Per Mirella Poggialini de L’Avvenire il dolore della malattia è vinto dall’amicizia, che offre fiducia o almeno consolazione. Infatti:
la semplicità del racconto si sovrappone giustamente alla tragicità delle situazioni, creando un clima sorprendentemente sereno in un ambiente carico di dolore e di ansia. Perché in effetti un ospedale, per chi ci sia dentro e ci debba vivere esperienze spesso drammatiche, accoglie oltre che imprigionare, offre conforto e appoggio illuminati di costante speranza: e quando si tratta di ragazzi, fervidi di rabbia e di paura ma vitali in ogni loro manifestazione, può diventare un luogo di aggregazione solidale e affettuosa. Infermieri e dottori, magari non tutti dotati di comprensiva dolcezza, si alternano ai familiari, sovente angosciati sino allo smarrimento. E la fiction lo dimostra via via, mentre descrive con partecipe misura i drammi di ognuno – come il ragazzo cui deve essere amputata una gamba, colto nella sua ultima corsa nei corridoi – mentre il grande colpo di teatro, per così dire, è il piccolo Rocco, che giace in coma in una camerata e diventa il narratore e l’interprete delle ansie e delle paure di chi lo circonda, facendo da tramite, nel regno dei sogni e degli incubi, fra chi vive e chi sta per lasciare il mondo e volare via. Un’atmosfera pacatamente serena ha concluso la prima puntata con il tocco di un’amicizia salvifica, in cui i ragazzi ritrovano il sorriso e il senso del gioco, pur fra lettighe e respiratori, crisi cardiache e silenzi densi di panico. La malattia si vince – o si sopporta – attraverso il rapporto amicale, che offre fiducia o almeno consolazione nel candido mondo delle camerate in cui si cerca di placare il dolore.

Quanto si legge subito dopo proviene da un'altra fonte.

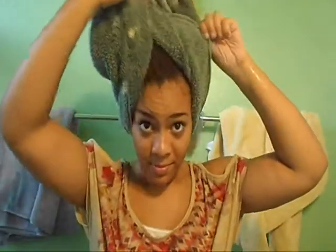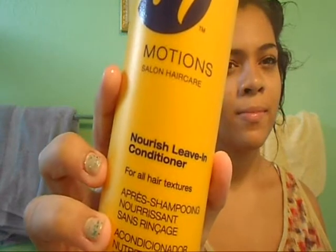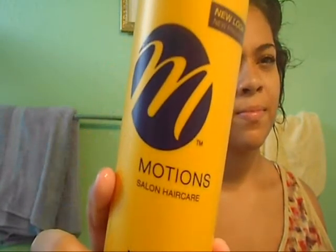Then you can keep on watching. So starting with your hair, just coming fresh out of the shower — take off your towel and reveal that messy mane that you have. Now I'm going to be taking my Motions Nourish Leave-In Conditioner. This works basically like a detangling spray and also a leave-in. Just go ahead and spray that all throughout your hair and really saturate your hair with it, because this is going to help prevent breakage when we comb out the hair since it is wet and very fragile at this point.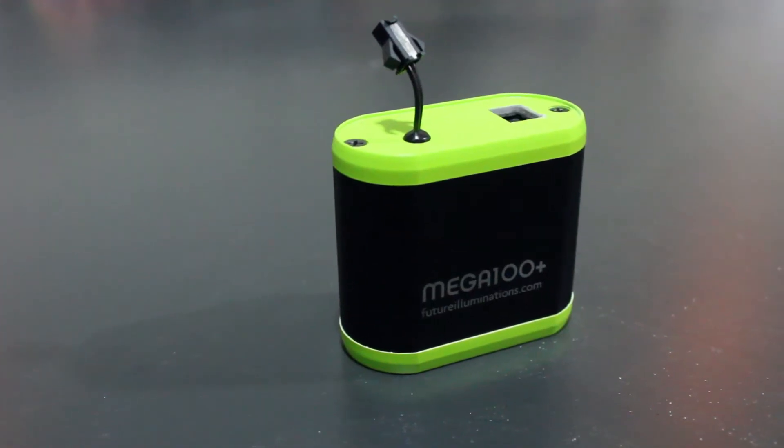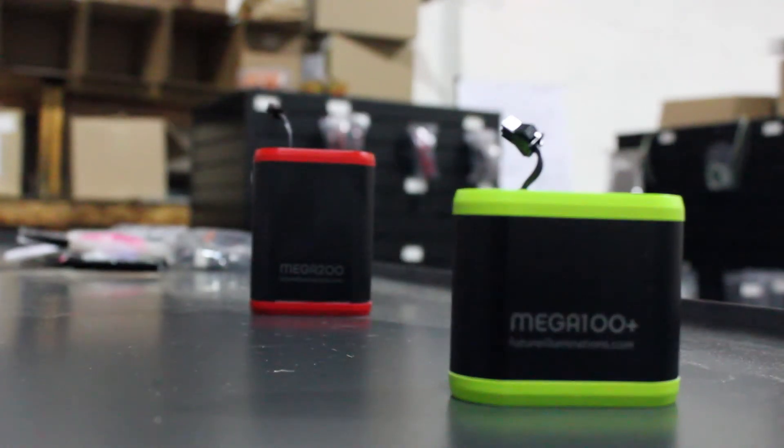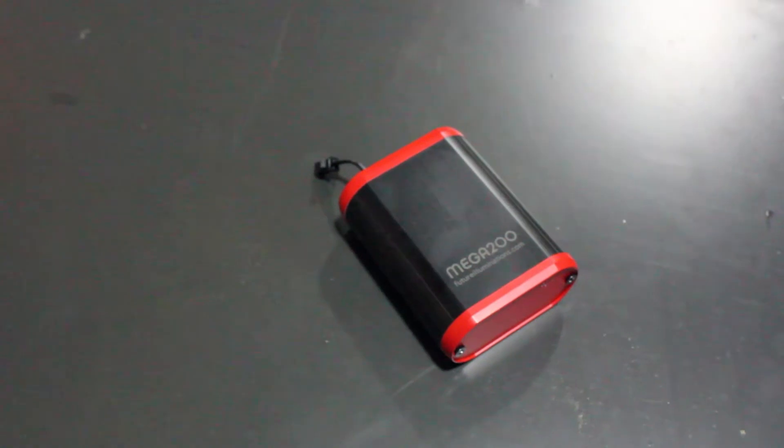The next thing we'll show you is our Mega 100 Plus EL panel inverter, which will do up to 500 square inches. What's great about this inverter is it's about half the size of our Mega 100, but it'll power any of our electroluminescent panels up to about two to three times the brightness and will go up to 18 volts.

La prima puntata è stata promossa anche dal Garante per l’infanzia e l’adolescenza, Vincenzo Spadafora, per il quale “non era facile decidere di avventurarsi in una fiction ambientata in un ospedale per bambini. Non era facile far recitare ragazzi senza capelli perché affetti da tumore, eppure sorridenti, allegri, generosi. E soprattutto non era facile far capire che bambini e ragazzi hanno sempre dei diritti, anche e soprattutto quando la malattia li colpisce. Grazie quindi alla Rai e ai dirigenti della fiction”.